▸ **PROBLEM DESCRIPTION**
Your response should reproduce every line of the entries that contains the word "estar".
━━━━
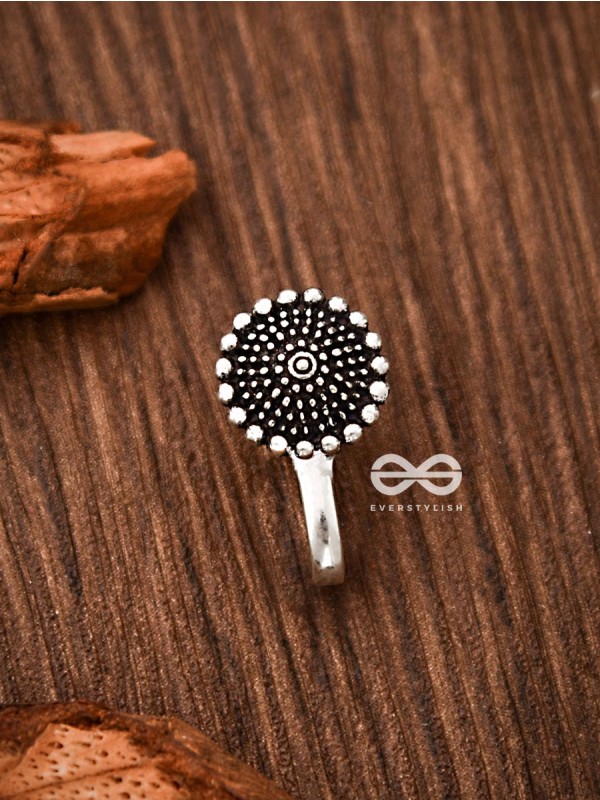 The Little dots Non-piercing Boho Nosepin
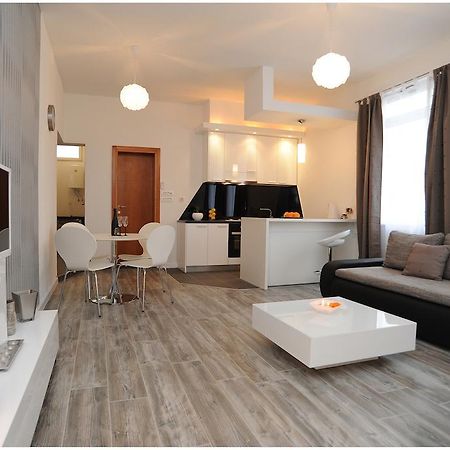 Guest House D&G -I Apartment & Room Ζαντάρ Εξωτερικό φωτογραφία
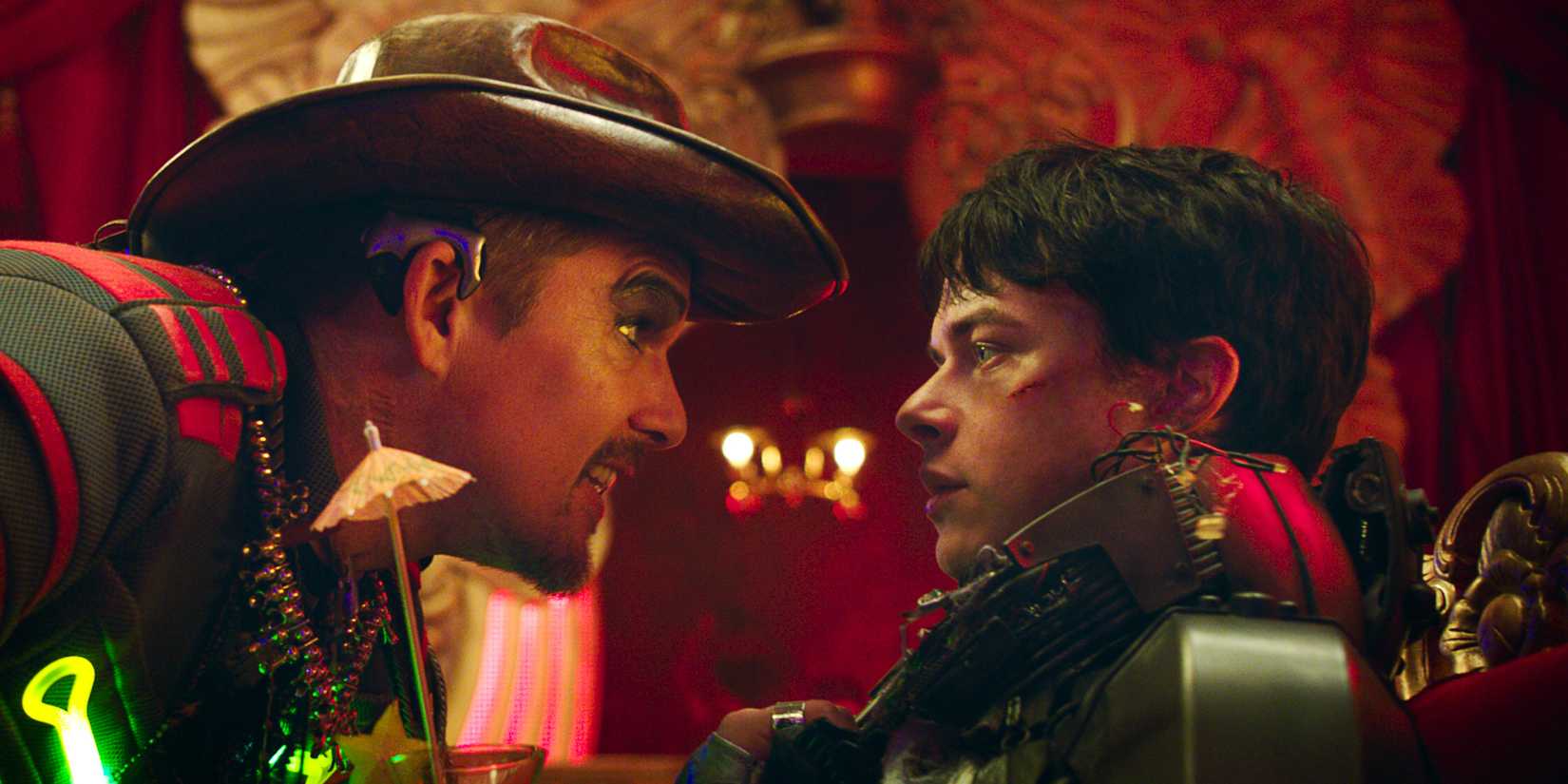 Ethan Hawke as Jolly the Pimp talking to Valerian in Valerian and the City of a Thousand Planets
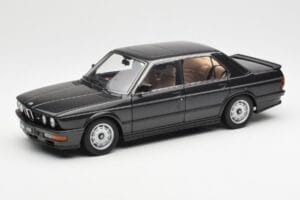 BMW M535i E28 Diamond Nero AUTOart 1:18 75162 Pressofusione
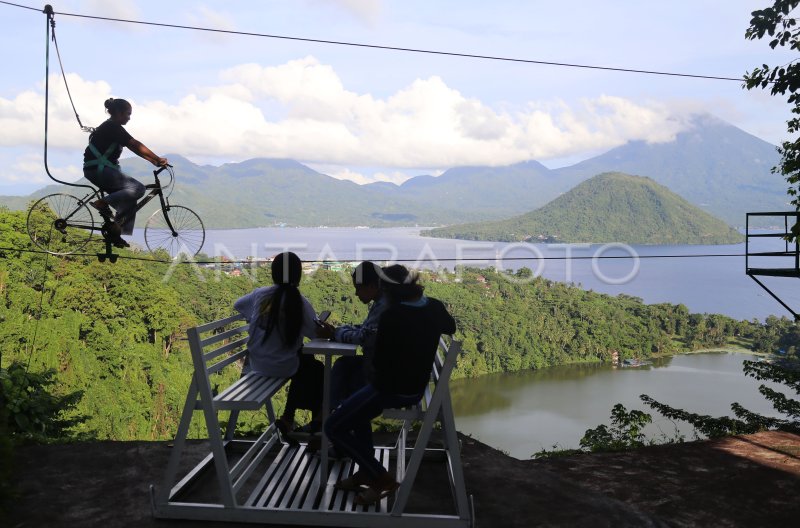 Liburan Isa Al Masih di Puncak Fitu Danau Ngade Ternate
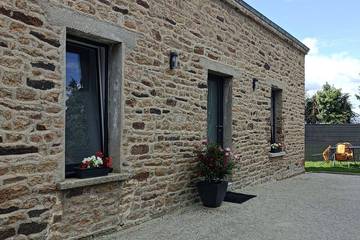 Gîte pour 6 personnes, avec jardin à Locmaria-Grand-Champ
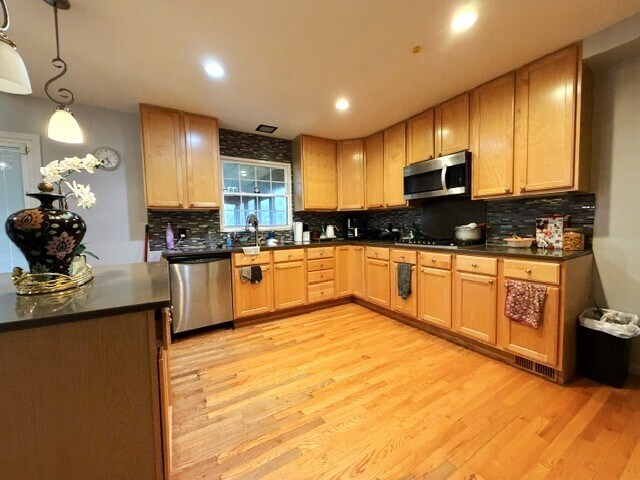 Foto del edificio - 6582 Tealwood Rd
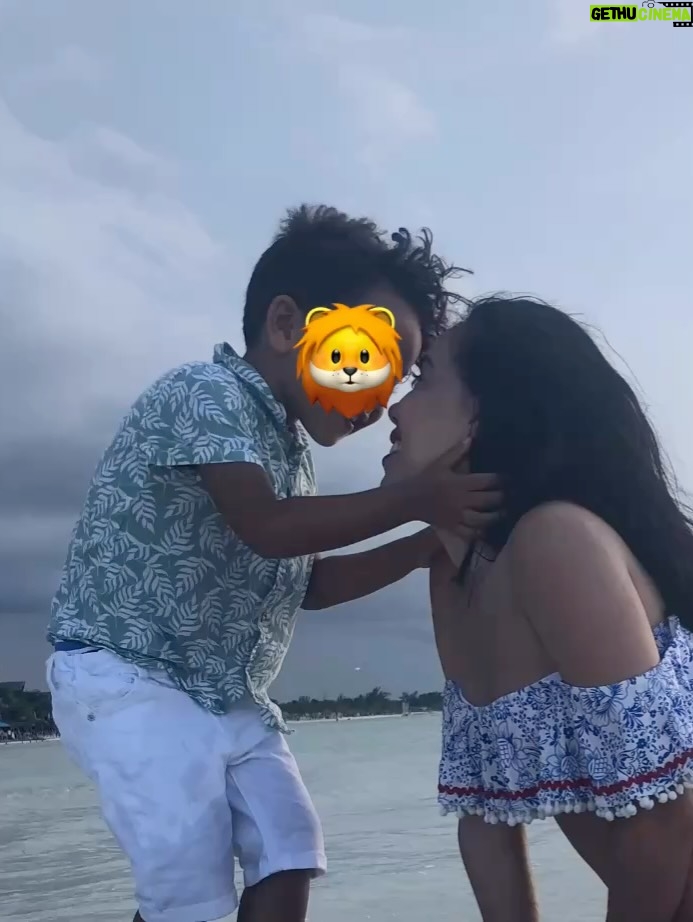 Beatriz Luengo - 26.4K Likes - Por aquí de vuelta! 🙋🏻‍♀️
Estuve un ratito lejos del mundo, necesitaba contar mariposas con mi niña para descubrir que las alas rotas no impiden el vuelo, echar tardes de dominó con mi hijo para juntos aprender que al final del juego la ficha que vale menos gana la partida. Detener el tiempo para escuchar a mi madre y darme cuenta que sus miedos y los míos se parecen. Recuperar con mi padre ese mueble viejo y observar como lo convierte en arte con una calma que solo conocen los monjes budistas, para al final decirme “mira lo que hicimos” haciéndome parte de su logro simplemente porque le alcancé las herramientas mientras escuchaba sus historias del barrio. Necesitaba también mirar a @yotuel y bailar juntos en la cocina, porque nos conocimos bailando y solo deseo que no dejemos de bailar ni un solo día, porque estar en sus brazos mientras nuestros pasos se coordinan sin ni siquiera mirar al suelo es la mejor manera de recordarnos que nacimos para estar juntos.
Necesitaba todo eso, porque llevo en esta profesión desde los 9 años. Exponiéndome a la opinión de un señor en un casting, de un director, de una revista, de un comentario por ahí. Y tuve que desaparecer para volver a mirar con compasión a esa niña soñadora que todavía soy. La que va cargando con el dolor de tener que demostrar todo el tiempo. No sé si he vuelto más fuerte, pero sí más consciente. 🪷 
Hola a todos y gracias por estar ahí ❤️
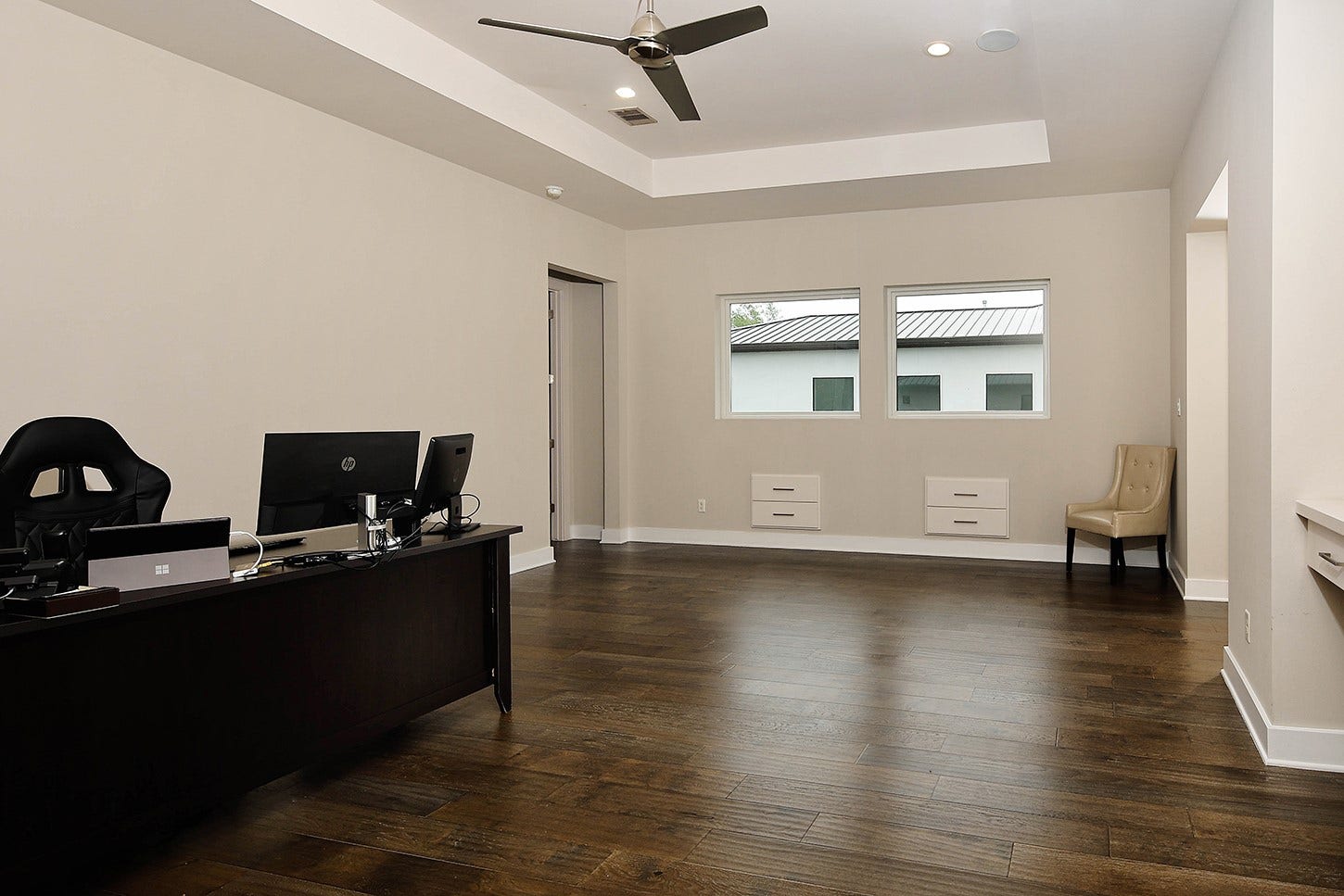 10 KINGSCOTE WAY, The Woodlands, TX 77382 10 KINGSCOTE WAY, The Woodlands, TX 77382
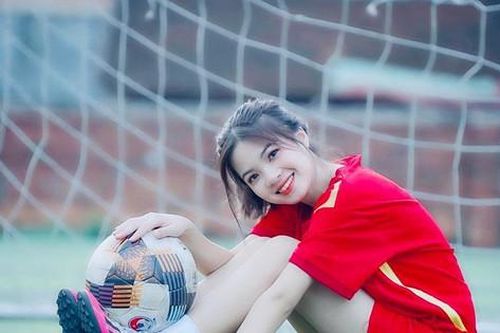 Nữ sinh xinh đẹp tân sinh viên Trường Đại học Thủy lợi với đam mê trái bóng tròn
━━━━
▸ **ANSWER SECTION**
Estuve un ratito lejos del mundo, necesitaba contar mariposas con mi niña para descubrir que las alas rotas no impiden el vuelo, echar tardes de dominó con mi hijo para juntos aprender que al final del juego la ficha que vale menos gana la partida. Detener el tiempo para escuchar a mi madre y darme cuenta que sus miedos y los míos se parecen. Recuperar con mi padre ese mueble viejo y observar como lo convierte en arte con una calma que solo conocen los monjes budistas, para al final decirme “mira lo que hicimos” haciéndome parte de su logro simplemente porque le alcancé las herramientas mientras escuchaba sus historias del barrio. Necesitaba también mirar a @yotuel y bailar juntos en la cocina, porque nos conocimos bailando y solo deseo que no dejemos de bailar ni un solo día, porque estar en sus brazos mientras nuestros pasos se coordinan sin ni siquiera mirar al suelo es la mejor manera de recordarnos que nacimos para estar juntos.
Hola a todos y gracias por estar ahí ❤️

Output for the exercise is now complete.